### WHAT NEEDS TO BE DONE
Make an exact copy of the listing so that no picture is carried over.
====== DATA
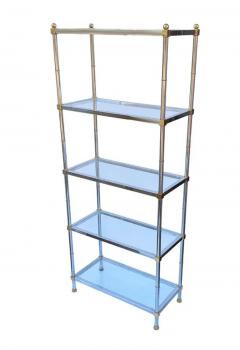 Maison Jansen Pair Hollywood Regency Italian Brass Chrome Shelves or Etageres Maison Jansen - 4003433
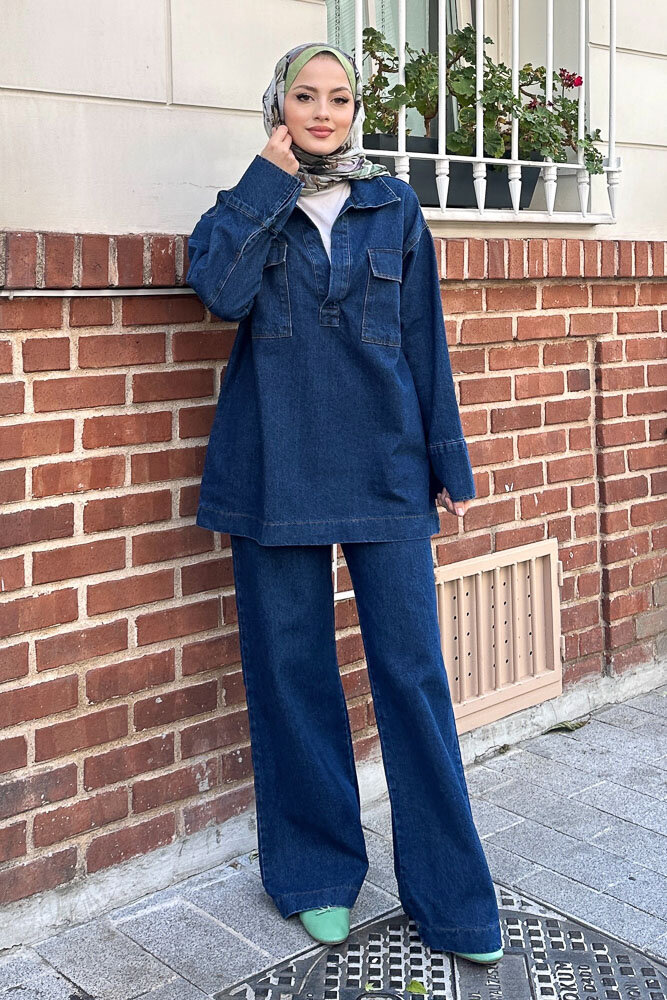 V Yaka Cepli Kot Takım - Koyu Mavi - ENMA (5)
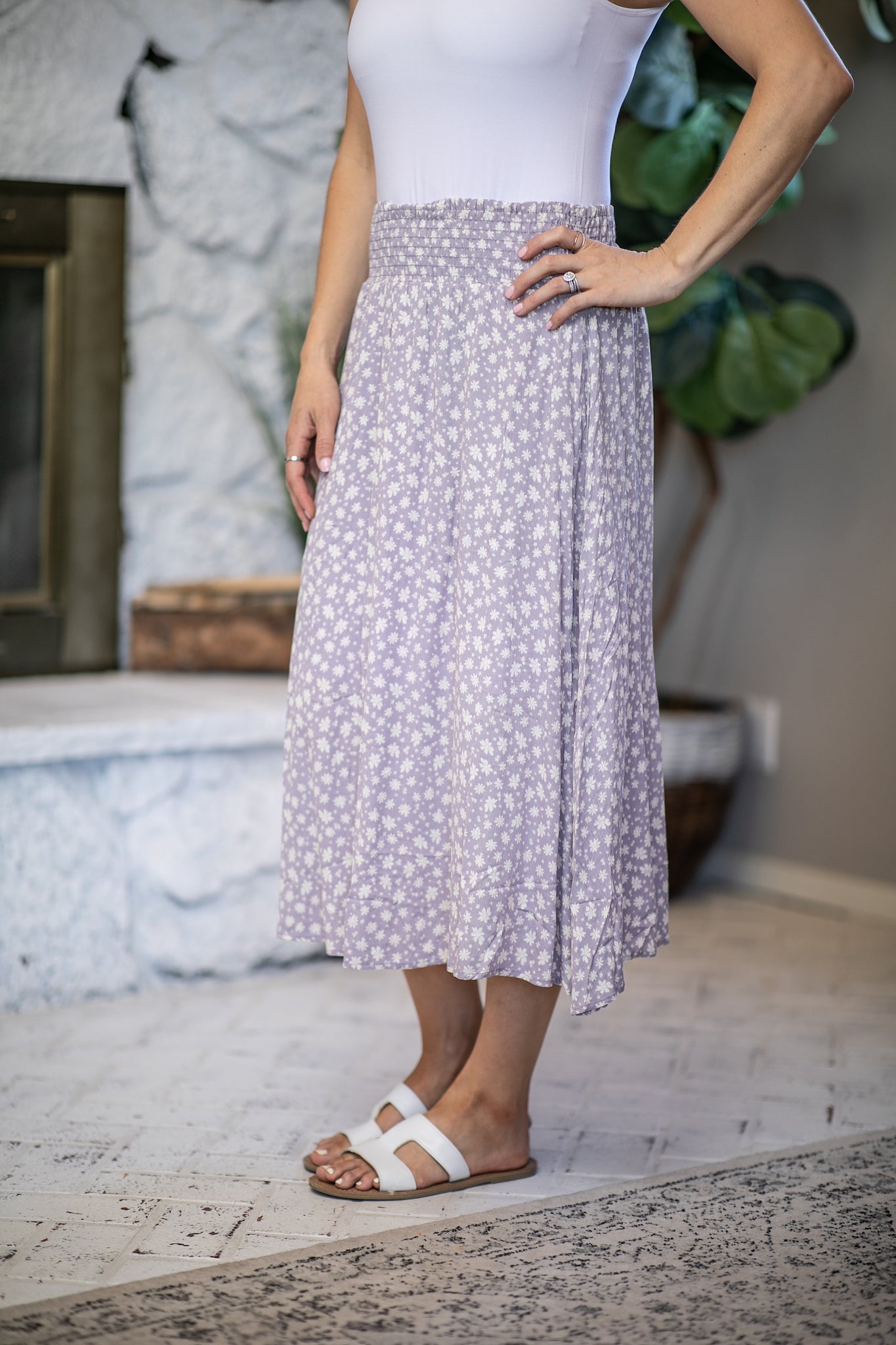 Floral Lavender Midi Skirt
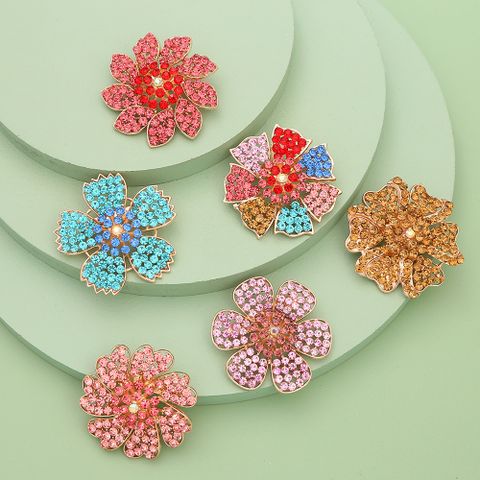 Broche de flor grande de diamantes de imitación coloridos de aleación de moda DP Y-42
============
### RESULT OF THE EXERCISE
 Maison Jansen Pair Hollywood Regency Italian Brass Chrome Shelves or Etageres Maison Jansen - 4003433
 V Yaka Cepli Kot Takım - Koyu Mavi - ENMA (5)
 Floral Lavender Midi Skirt
 Broche de flor grande de diamantes de imitación coloridos de aleación de moda DP Y-42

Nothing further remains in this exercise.